La Tercera, 31 de diciembre de 2018
Opinión

¿De vuelta al tabú?

Lucas Sierra I..

Mientras no se den mejores razones para limitar así la libertad de expresión, esto no parecerá más que una muda voluntad prohibicionista.

A propósito del debate que se ha planteado sobre el castigo penal del discurso “negacionista”, partamos de ciertos principios básicos, que por básicos solemos dar por sabidos, los omitimos y, por lo mismo, arriesgamos a olvidar.

La de expresión es una de nuestras libertades más elementales.

A esta conclusión se llega cualquiera sea el punto de vista moral. Si somos kantianos, la libertad de una persona para expresarse es prueba de que se le reconoce dignidad y autonomía como agente moral.

Si somos utilitaristas, es una libertad que agrega consecuencias positivas: sirve para revisar lo que sabemos y ponerlo a prueba, es un vigía permanente de la posibilidad de error, y es útil para controlar el poder y la corrección de su ejercicio.
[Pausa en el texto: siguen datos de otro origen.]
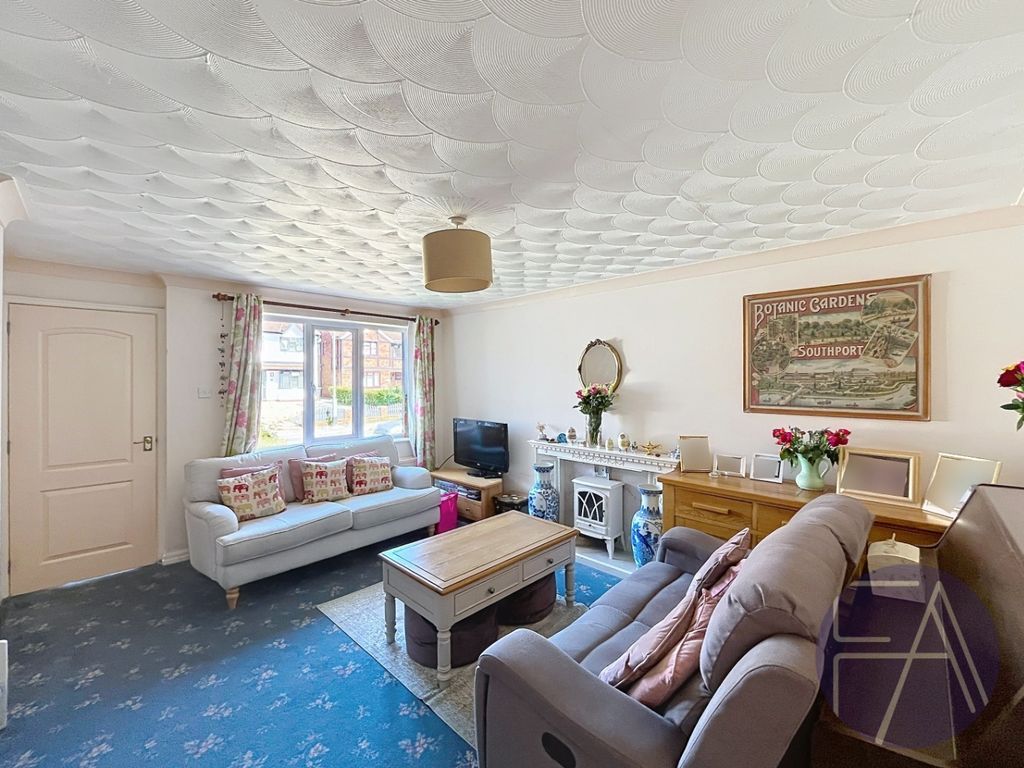 Property photo 3 of 21 5270864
Se trata, en principio, de una libertad que corre con ventaja a la hora de regular la tensión recíproca en que entra con otras libertades, derechos e intereses. Por esto, el peso de la argumentación cae primero sobre quien quiere limitarla, quien debe probar que de ella se deriva un daño concreto para un tercero (como en la injuria y calumnia), o que genera un peligro tal, que hace suponer que el daño se va a producir (como en el delito de incitación a la violencia o la sentencia de la Corte Suprema de EE.UU. que en 1919 condenó a una persona que, sabiendo que era mentira, gritó “¡fuego!” en un teatro lleno, provocando una estampida). Hay que probar un vínculo causal entre la expresión y un daño actual o potencial. ¿Lo han probado quienes buscan criminalizar el “negacionismo”? Los argumentos que han dado hasta ahora son, básicamente, dos.
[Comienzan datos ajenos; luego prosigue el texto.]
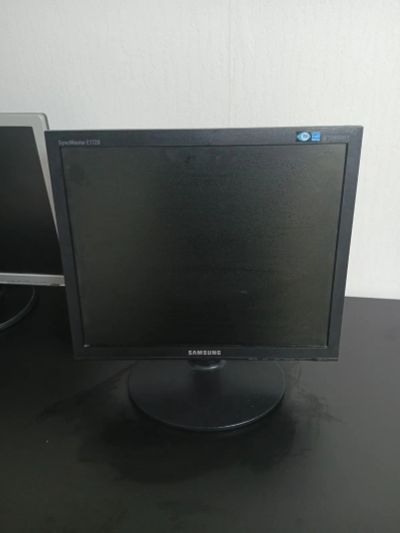 Лот: 24406747. Фото: 1. Монитор Samsung syncmaster e1720nr. ЖК-мониторы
Uno tiene que ver con la no repetición de los horrores ocurridos entre 1973 y 1990, el “nunca más”. El otro con la dignidad de las víctimas de esos horrores. ¿Son suficientes? El hecho de que algunos nieguen que existió un cuartel de la DINA en la calle Simón Bolívar, por ejemplo, o que los detenidos que por ahí pasaron siguen desaparecidos, no parece ser suficiente como para arriesgar una represión como esa otra vez. Esto dependerá de innumerables factores que son independientes de la negación (entre éstos, paradójicamente, andar restringiendo libertades civiles).

Y también es dudoso que la negación de hechos que han generado comisiones, que han sido detalladamente registrados en informes y que han dado lugar a reparaciones por ley, además de condenas judiciales, produzca en las víctimas un daño tal que justifique criminalizar el discurso. Además, las víctimas ya cuentan con herramientas en caso de sentirse dañadas: el delito de injuria, la acción de protección o la civil por daño moral.

Mientras no se den mejores razones para limitar así la libertad de expresión, esto no parecerá más que una muda voluntad prohibicionista.

Un retroceso a esa primitiva lógica de control social que es el tabú.